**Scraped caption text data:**

------------------------------------------------------------

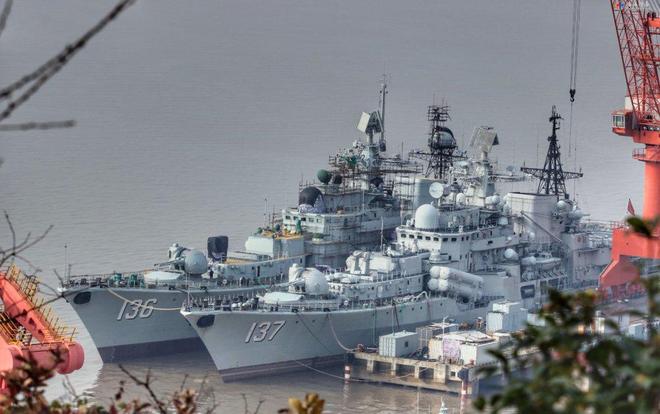 現(xiàn)代級驅(qū)逐艦四大金剛，引領(lǐng)全球海軍新時代的尖端力量，現(xiàn)代級驅(qū)逐艦四大金剛，引領(lǐng)全球海軍新時代的先鋒力量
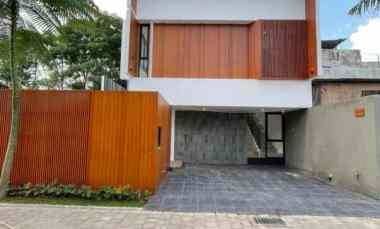 Rumah Mewah Progres Bangun dekat Kampus UGM Yogyakarta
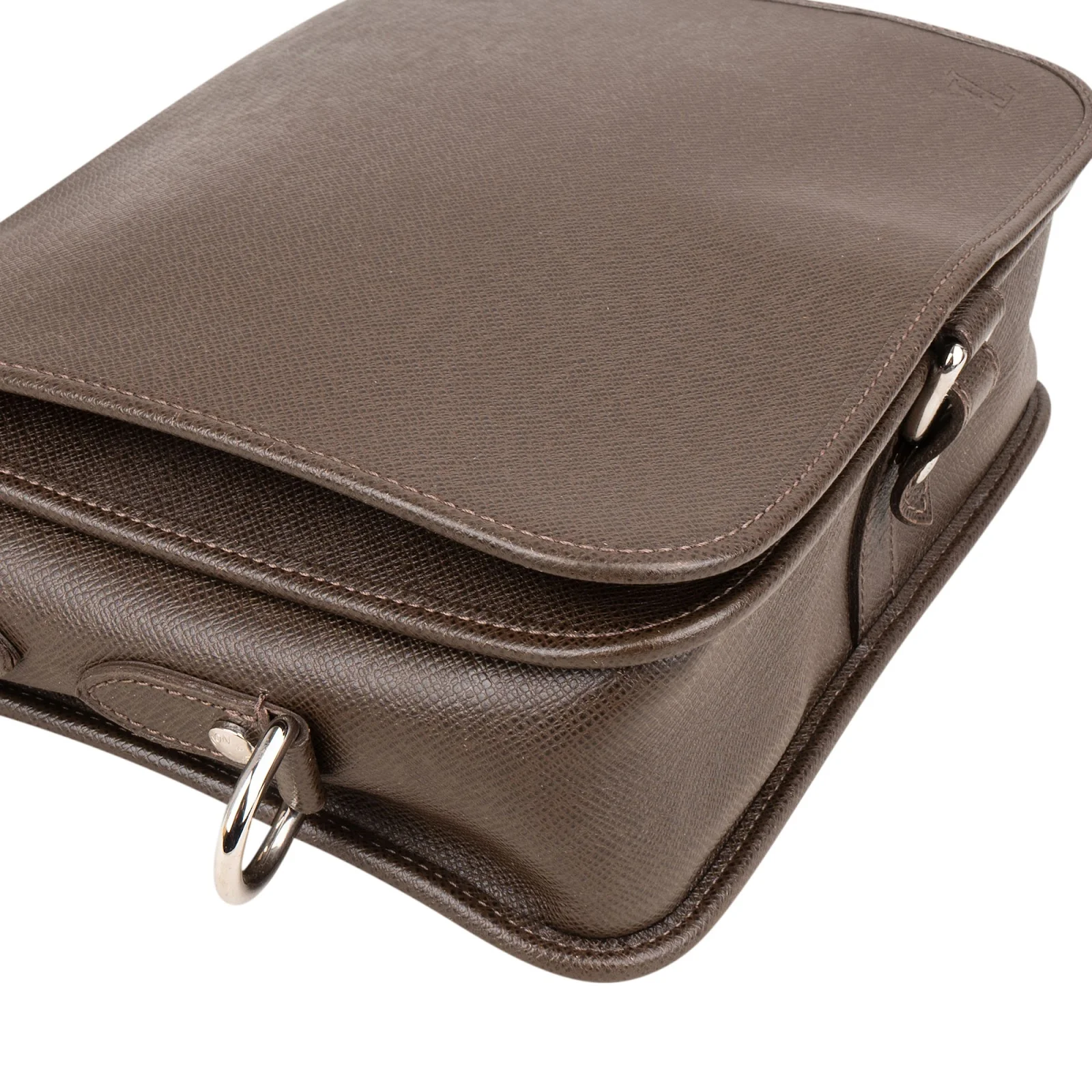 Louis Vuitton Taiga Leather Roman MM Messenger Crossbody Bag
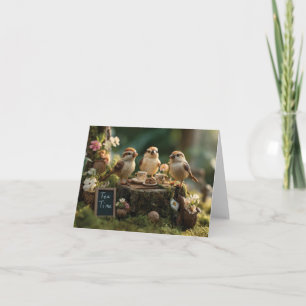 Tarjeta Festiva Figuritas de pájaros en miniatura que tienen una f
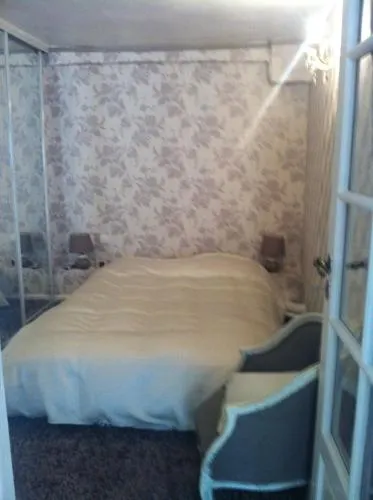 Magnifique Appartement dans Hotel Particulier Monument Historique - Image 1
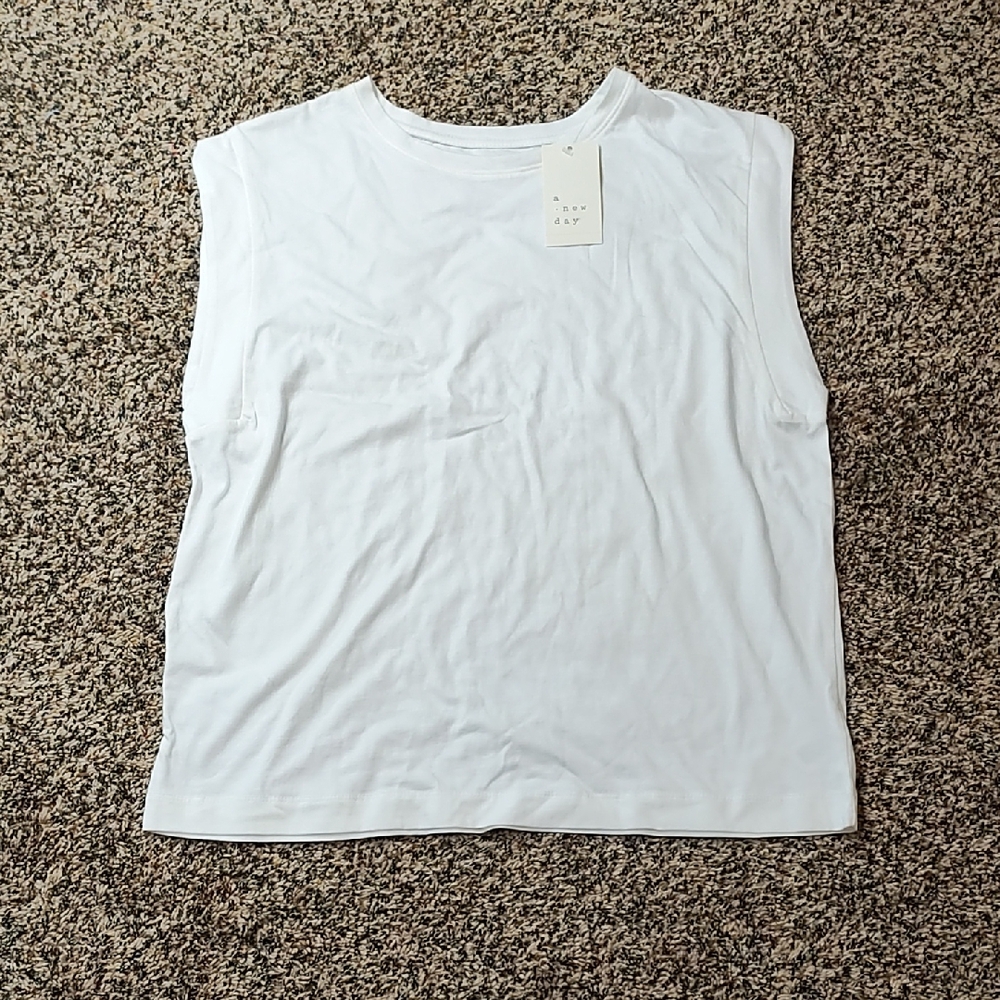 A New Day | White Sleeveless Women's Top Large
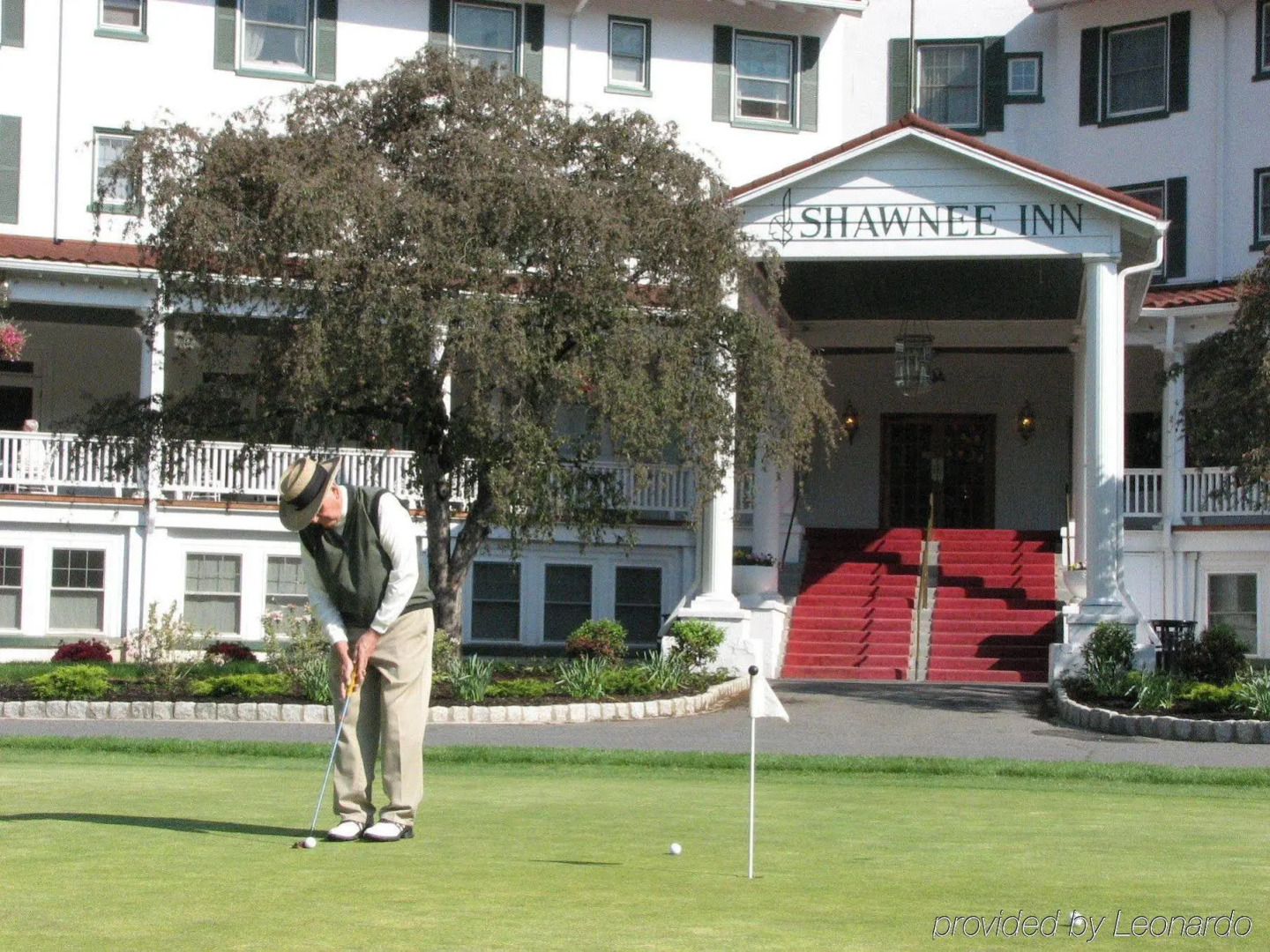 The Shawnee Inn and Golf Resort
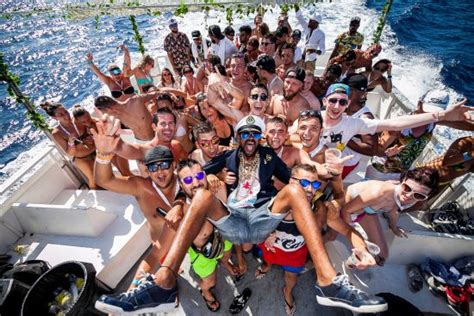 After the sun has set, rent a party bus to take you from nightclub to nightclub , with premium liquor, an. South Beach Boat Party & Nightclub Package-South Beach ...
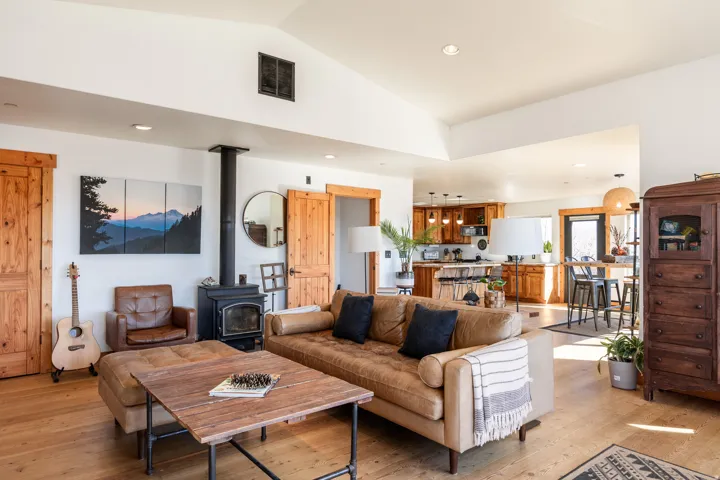 277 E Crestview Dr, Wanship, Utah 84017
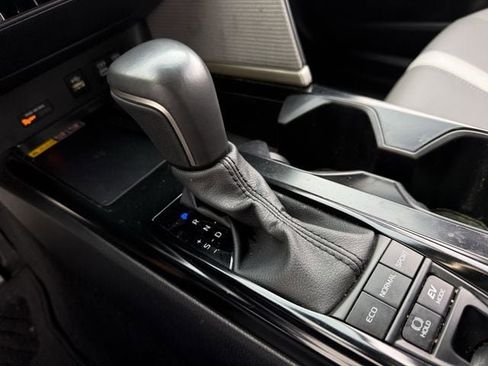 Used 2025 Toyota Camry LE image 20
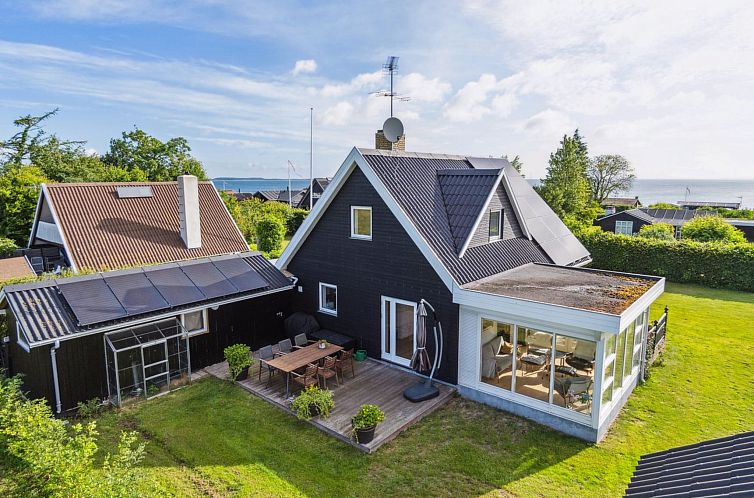 Vakantiehuis "Fentje" - 200m from the sea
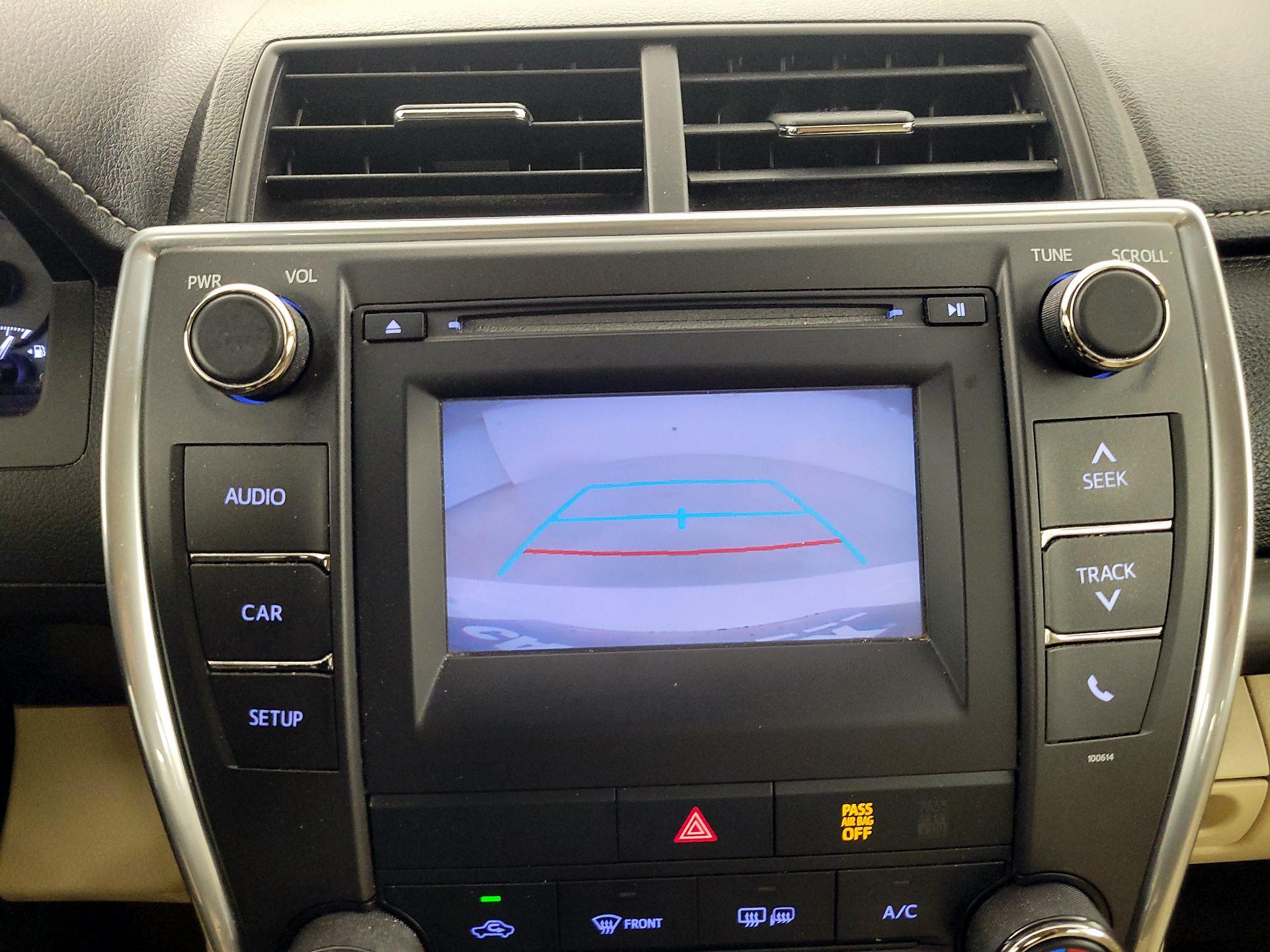 Thumbnail: 2017 Toyota Camry - 14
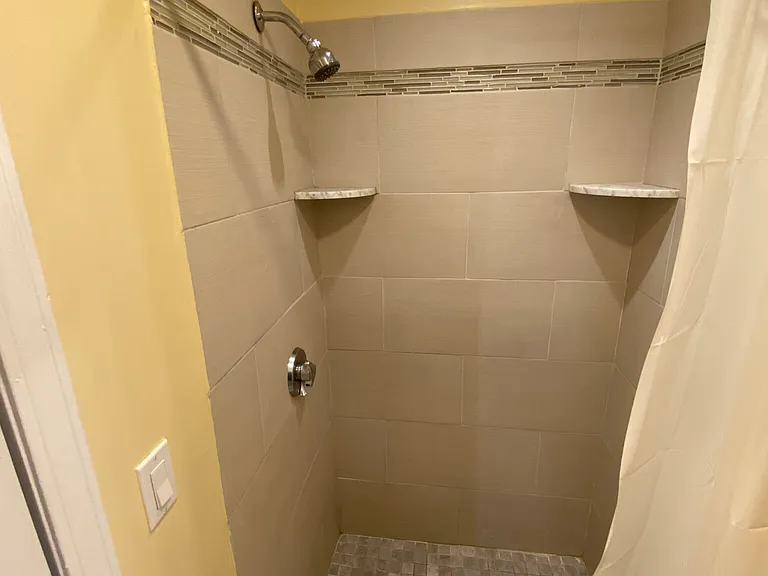 5 bed, 2 bath apartment for rent at 27 Albion Pl Unit 2, Powder House Square — photo 17 of 26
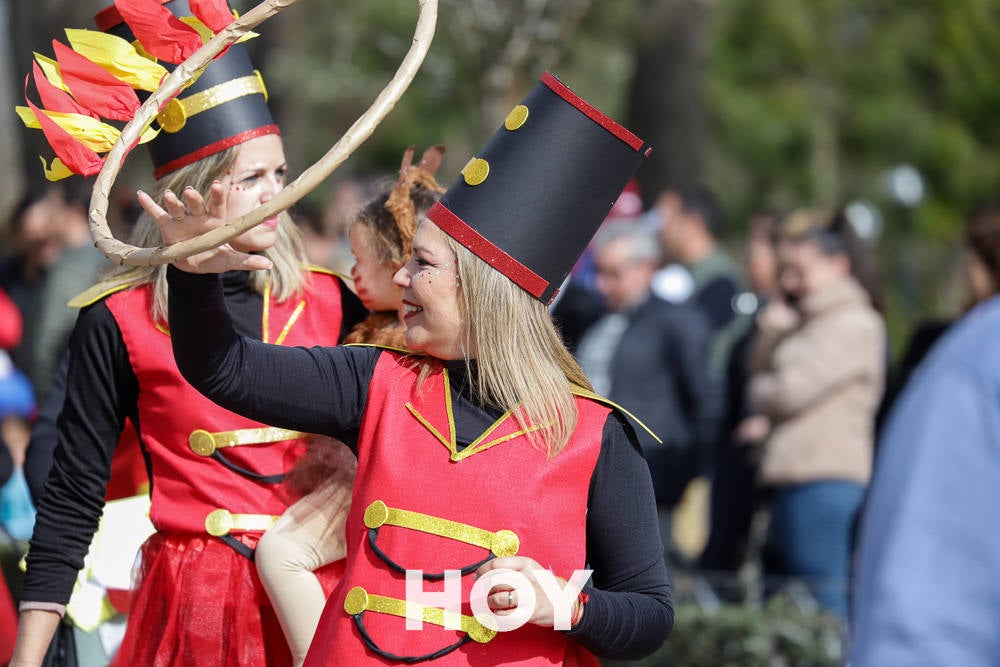 Niños y mayores disfrutan del desfile infantil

------------------------------------------------------------

**Exercise directions:**
Return exactly the line containing "Tarjeta Festiva Figuritas" and every line after it, up to and including the final line of the entries above. Pictures stay out.

**Reply to the exercise:**
 Tarjeta Festiva Figuritas de pájaros en miniatura que tienen una f
 Magnifique Appartement dans Hotel Particulier Monument Historique - Image 1
 A New Day | White Sleeveless Women's Top Large
 The Shawnee Inn and Golf Resort
 After the sun has set, rent a party bus to take you from nightclub to nightclub , with premium liquor, an. South Beach Boat Party & Nightclub Package-South Beach ...
 277 E Crestview Dr, Wanship, Utah 84017
 Used 2025 Toyota Camry LE image 20
 Vakantiehuis "Fentje" - 200m from the sea
 Thumbnail: 2017 Toyota Camry - 14
 5 bed, 2 bath apartment for rent at 27 Albion Pl Unit 2, Powder House Square — photo 17 of 26
 Niños y mayores disfrutan del desfile infantil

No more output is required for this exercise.